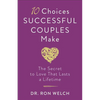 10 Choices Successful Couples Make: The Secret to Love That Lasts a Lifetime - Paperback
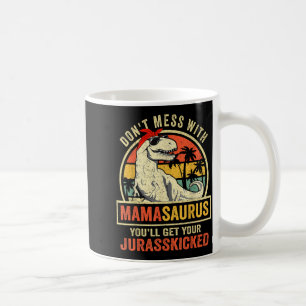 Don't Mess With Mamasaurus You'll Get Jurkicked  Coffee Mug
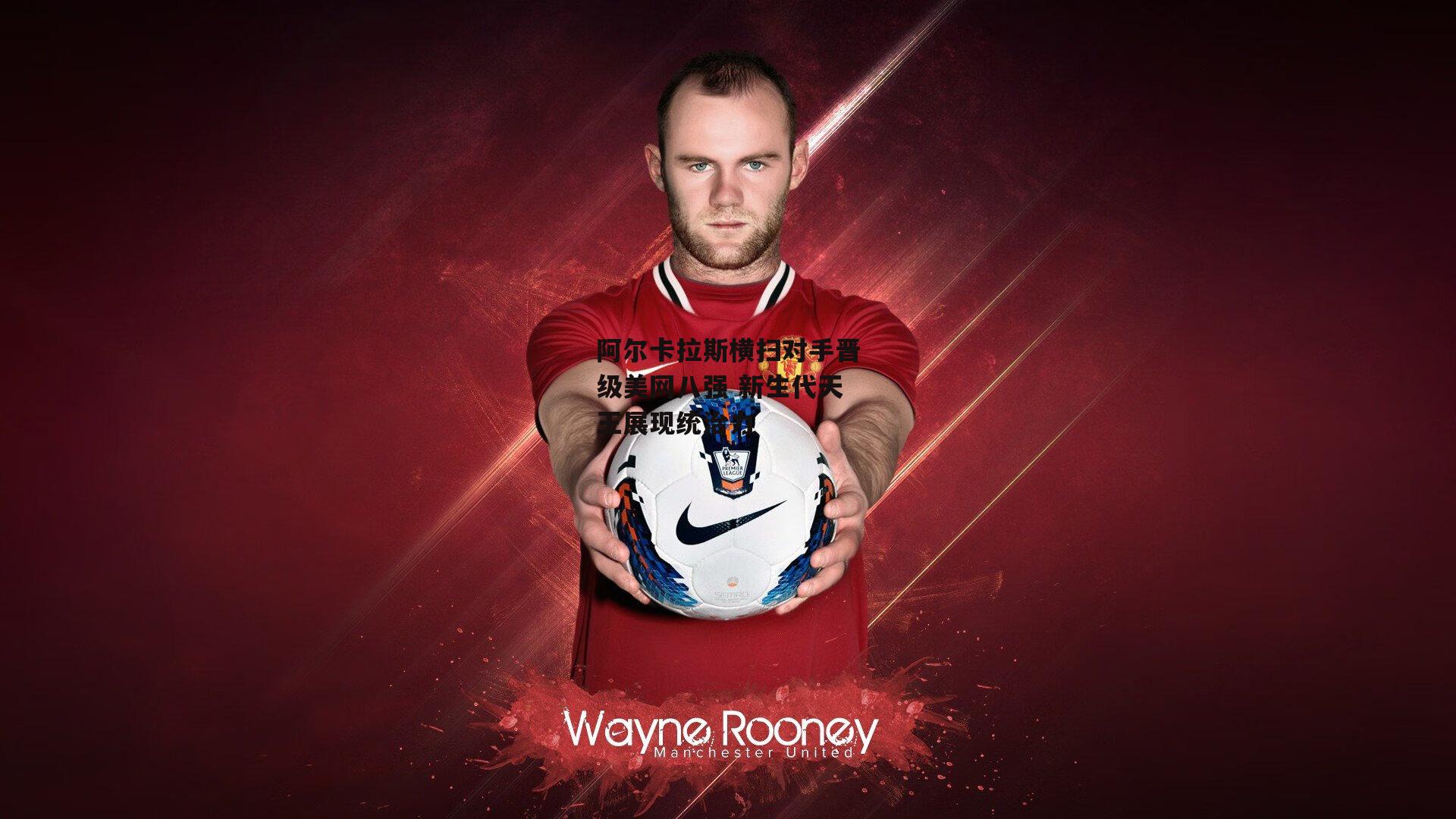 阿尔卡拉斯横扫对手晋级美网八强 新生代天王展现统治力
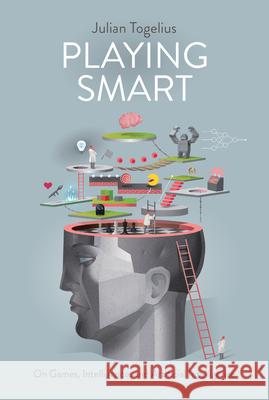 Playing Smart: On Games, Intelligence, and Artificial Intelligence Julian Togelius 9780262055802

******************************

» **Work instructions**
Output each line of the listing above, word for word, from the one holding "Don't Mess With" through the last line, both included; omit the pictures.

» **Final answer**
 Don't Mess With Mamasaurus You'll Get Jurkicked  Coffee Mug
 阿尔卡拉斯横扫对手晋级美网八强 新生代天王展现统治力
 Playing Smart: On Games, Intelligence, and Artificial Intelligence Julian Togelius 9780262055802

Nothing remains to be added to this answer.